Pero eso sí, si no alcanza las copas mas altas del estante, si hay que bajar a algún recado, si hay que cuidar a mis sobrinos, si alguien, en cualquier momento o lugar, necesita una mano, no será al Señor Conde al que recurra. Válgame dios, sus señoría rebajándose a tales trabajos manuales... despediría de su sagrada presencia al servicio con algún chance, insulto velado o, mas directo aún, su majestuoso silencio.
Y claro, en estas estábamos, que mi
queridísimo hermano ha llegado hace apenas una hora a su mansión, y mi madre, siempre tan observadora y comprensiva, se ha dado cuenta de su falta de ánimos, de su nobiliario enfado, y ha querido deducir que algo no va del todo bien. Y por eso ha corrido a evitar que su pobre señoría tuviese que lidiar con un jovenzuelo irreverente como yo, y pudiese así descansar con la mayor displicencia. Que ya se sabe, su señoría trabaja muy duro para pagarse su coche con asientos deportivos y su casa, aunque luego prefiera seguir viviendo en esta por tener al servicio mas a mano.
Y aquí, este joven plebeyo no sabe muy bien que pensar, mas que nada porque tampoco tiene interés en desentrañar los misterios de los amoríos del señor conde, que por lo que uno sabe, podrían ir viento en popa, y su supuesto enfado ser en realidad cierta molestia por llegar tarde y por tener que poner la mesa para cenar; y a estas alturas a un servidor tampoco le resulta novedoso el interés de su madre en la vida sentimental del Señor Conde comparado con la absoluta apatía sobre todo lo que concierne a su vida. Y es que, ya se sabe, los plebeyos nunca hemos salido en las revistas del corazón, gran entretenimiento donde los halla.
En cualquier caso, no he podido evitar pararme a pensar sobre un hecho curioso. Y es que, si acaso su enfado fuese real tal y como apuntaba mi madre, y los amoríos de su señoría van mal, eso no produce en mi mas que un profundo regocijo.

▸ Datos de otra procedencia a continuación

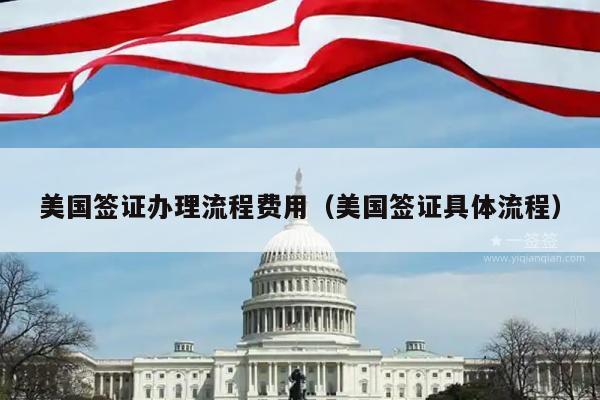 美国签证办理流程费用(美国签证具体流程)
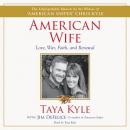 American Wife: A Memoir of Love, War, Faith, and Renewal Audiobook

Regocijo por la afortunada, que con suerte verá la autentica personalidad del Señor Conde, y lo que este esconde bajo la capa, antes de cometer algún terrible error. Y regocijo, simple y llanamente, porque a este tipo de escoria humana, carente de empatía y siempre atenta a cualquier oportunidad de aprovecharse de los demás, le vaya todo lo mal que le pueda ir a uno en la vida.
Soy un autentico hijoputa envidioso y con tintes psicoticos ¿No es cierto? Bueno supongo que, en ese caso, estoy en buen camino para llegar al trono. Al fin y al cabo he tenido los mejores maestros.